Boomi CEO Steve Lucas said that the number of AI agents will outnumber the number of people in your business in less than three years.

"The digital imperative is how do I work with agents? The number of agents will outnumber the number of humans in less than three years," said Lucas, speaking at Constellation Research's AI Forum in New York. "It will be overwhelming. It will be fast and we're not prepared."

Lucas said that he's challenging his CIO to rid Boomi of expense reports. It's 2024 and it's time to get together with AI and make sure humans never have to approve an expense report.

"The question everyone should be looking at is how can I augment every single business process that I have today with AI," said Lucas. "Try a process, and find a way AI can augment it and reduce human time consumption. No. 2 is how can you automate my business and eliminate the need for humans in specific areas."

Constellation Research analyst Holger Mueller said:

"The three year horizon is probably too conservative. If the trend continues that agents can be built by low code and no code tools and citizen developers. We will reach that point easily by end of 2025. The hunger for more automation powered by a nothing and also with AI is unstoppable. Give business users the tools and they will go fish."

Lucas said he wasn't talking about reducing jobs as much as redundancies. The big issue will be orchestrating agents, he added. In a nutshell, Lucas sees layers of agents all checking for hallucinations, accounting compliance and other issues.

Boomi is working on a registry to manage agents. "We are building what we call an Active Directory for agents, where you can register them, track them, understand the decisions, revoke authority, and do it in real time. If you don't have that doesn't matter what agents you invent. It doesn't matter what you do with AI. You have to have inside transparency, explainability, control," said Lucas.

"Under Steve Lucas' watch, Boomi has accelerated its pace of innovation and is now leading the way among integration platform as a service (iPaaS) vendors toward AI orchestration and the development of agentic applications," said Constellation Research analyst Doug Henschen.

Other takeaways from Lucas' talk:

Data strategy and quality remains job one. Lucas said "the rule hasn't changed. It's garbage in, garbage out." Lucas said he's "amazed at how few companies are really prepared across the complex landscape of apps, databases, APIs and models that they don't know where the data comes from to feed these systems."

Boomi is feeding information into Llama 3 models internally. "We give it everything from all of our product, pricing and packaging data, which changes frequently," explained Lucas. "We feed it Slack channel information from all of our employee, customer success and support conversations. It knows everything. Why? A challenge I'd put in front of you is to build an agent that is better than any human in a role."

AI improvement. Lucas said his bet is that can get 10% incrementally better every year. "If AI gets just 10% better each year we may not reach artificial general intelligence, but we will get close," said Lucas. "Whether it is truly conscious or not won't matter, it will do most of our jobs better than we will as defined today. This is the AI Big Bang, the real version."

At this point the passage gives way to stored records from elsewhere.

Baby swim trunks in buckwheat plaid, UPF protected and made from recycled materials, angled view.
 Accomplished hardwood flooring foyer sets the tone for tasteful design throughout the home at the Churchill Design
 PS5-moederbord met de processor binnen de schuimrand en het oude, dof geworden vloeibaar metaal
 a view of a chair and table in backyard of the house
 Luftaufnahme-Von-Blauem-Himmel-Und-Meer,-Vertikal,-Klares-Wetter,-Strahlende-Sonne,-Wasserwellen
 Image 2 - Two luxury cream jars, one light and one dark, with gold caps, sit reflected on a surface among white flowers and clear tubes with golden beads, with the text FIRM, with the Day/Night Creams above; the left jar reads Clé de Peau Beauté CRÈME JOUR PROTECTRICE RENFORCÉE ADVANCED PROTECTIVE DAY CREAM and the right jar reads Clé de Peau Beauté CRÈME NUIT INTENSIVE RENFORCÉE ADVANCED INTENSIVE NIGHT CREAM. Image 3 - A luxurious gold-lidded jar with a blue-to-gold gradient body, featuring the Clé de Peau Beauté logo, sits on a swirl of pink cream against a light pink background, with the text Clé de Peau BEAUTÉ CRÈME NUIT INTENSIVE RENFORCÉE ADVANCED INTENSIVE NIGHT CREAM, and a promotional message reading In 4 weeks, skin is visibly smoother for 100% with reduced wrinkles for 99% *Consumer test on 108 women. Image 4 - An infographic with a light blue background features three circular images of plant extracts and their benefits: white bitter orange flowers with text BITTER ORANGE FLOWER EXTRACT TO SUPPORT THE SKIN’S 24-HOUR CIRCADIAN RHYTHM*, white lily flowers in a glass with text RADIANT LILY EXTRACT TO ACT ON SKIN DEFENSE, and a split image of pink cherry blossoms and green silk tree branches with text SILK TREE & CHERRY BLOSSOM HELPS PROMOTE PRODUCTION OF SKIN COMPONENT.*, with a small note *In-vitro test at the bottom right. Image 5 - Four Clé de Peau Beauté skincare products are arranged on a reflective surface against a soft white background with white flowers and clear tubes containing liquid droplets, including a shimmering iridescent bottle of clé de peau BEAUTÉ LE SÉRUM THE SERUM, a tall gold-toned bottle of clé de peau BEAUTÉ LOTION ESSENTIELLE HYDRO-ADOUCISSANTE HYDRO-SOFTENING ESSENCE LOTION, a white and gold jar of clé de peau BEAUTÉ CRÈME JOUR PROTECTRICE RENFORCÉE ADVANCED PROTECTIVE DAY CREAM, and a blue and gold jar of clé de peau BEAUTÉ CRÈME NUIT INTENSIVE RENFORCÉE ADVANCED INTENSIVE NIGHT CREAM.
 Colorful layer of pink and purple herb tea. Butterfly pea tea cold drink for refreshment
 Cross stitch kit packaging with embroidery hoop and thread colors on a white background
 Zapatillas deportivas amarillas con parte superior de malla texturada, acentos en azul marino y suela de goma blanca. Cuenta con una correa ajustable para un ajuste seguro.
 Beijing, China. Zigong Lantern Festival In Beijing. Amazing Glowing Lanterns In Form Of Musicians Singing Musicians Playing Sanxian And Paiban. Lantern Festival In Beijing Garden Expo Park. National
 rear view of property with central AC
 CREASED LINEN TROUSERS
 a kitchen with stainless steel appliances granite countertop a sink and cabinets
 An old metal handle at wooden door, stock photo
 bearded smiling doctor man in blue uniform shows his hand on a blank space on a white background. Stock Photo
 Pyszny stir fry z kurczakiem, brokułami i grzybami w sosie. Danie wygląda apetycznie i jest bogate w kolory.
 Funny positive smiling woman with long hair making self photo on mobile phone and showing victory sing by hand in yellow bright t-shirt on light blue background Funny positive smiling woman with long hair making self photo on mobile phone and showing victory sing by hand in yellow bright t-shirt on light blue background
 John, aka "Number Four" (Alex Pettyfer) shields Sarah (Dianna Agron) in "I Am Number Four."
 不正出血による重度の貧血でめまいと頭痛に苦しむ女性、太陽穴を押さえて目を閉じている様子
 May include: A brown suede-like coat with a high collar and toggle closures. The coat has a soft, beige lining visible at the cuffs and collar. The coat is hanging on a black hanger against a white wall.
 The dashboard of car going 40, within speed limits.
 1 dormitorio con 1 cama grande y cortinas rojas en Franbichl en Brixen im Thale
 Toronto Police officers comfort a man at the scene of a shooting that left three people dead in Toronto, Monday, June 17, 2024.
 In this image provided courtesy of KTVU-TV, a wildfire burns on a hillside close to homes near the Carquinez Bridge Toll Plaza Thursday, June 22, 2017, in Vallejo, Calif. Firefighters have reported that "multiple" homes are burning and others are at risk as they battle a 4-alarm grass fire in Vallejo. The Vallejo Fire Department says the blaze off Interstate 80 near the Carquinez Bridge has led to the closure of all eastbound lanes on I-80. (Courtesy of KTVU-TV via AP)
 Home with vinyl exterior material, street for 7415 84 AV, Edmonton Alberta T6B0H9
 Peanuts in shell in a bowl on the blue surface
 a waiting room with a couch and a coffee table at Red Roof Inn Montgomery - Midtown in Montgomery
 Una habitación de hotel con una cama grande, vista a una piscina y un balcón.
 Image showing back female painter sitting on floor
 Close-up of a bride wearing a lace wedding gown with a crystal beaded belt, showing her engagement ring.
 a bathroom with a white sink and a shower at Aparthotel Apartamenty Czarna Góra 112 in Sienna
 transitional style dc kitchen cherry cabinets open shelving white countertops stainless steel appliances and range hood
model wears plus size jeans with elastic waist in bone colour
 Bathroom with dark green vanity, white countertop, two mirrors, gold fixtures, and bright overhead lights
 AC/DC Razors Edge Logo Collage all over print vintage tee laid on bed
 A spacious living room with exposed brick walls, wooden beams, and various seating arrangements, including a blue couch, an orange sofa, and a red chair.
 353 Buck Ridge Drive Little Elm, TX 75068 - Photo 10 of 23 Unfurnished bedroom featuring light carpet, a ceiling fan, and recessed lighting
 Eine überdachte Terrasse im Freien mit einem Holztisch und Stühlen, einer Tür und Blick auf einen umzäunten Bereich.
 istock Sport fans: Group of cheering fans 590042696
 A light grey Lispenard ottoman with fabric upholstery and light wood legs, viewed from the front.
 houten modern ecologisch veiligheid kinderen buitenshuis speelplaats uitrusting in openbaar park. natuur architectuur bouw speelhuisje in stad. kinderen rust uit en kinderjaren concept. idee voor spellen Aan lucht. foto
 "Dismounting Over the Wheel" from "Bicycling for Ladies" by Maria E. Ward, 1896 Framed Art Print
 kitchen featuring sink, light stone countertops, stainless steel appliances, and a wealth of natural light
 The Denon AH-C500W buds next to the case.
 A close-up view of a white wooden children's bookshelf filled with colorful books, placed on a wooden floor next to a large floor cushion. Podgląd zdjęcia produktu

Will we be talking about AI a year from now? Lucas said the context of AI conversations will change, but the topic remains. "We are going to need agents, registries and protocols. We will need whole protocols for agents to define how they communicate so we humans can even understand what we're talking about. What does that stack look like from data all the way up to development. Agents will communicate at speeds we cannot even understand."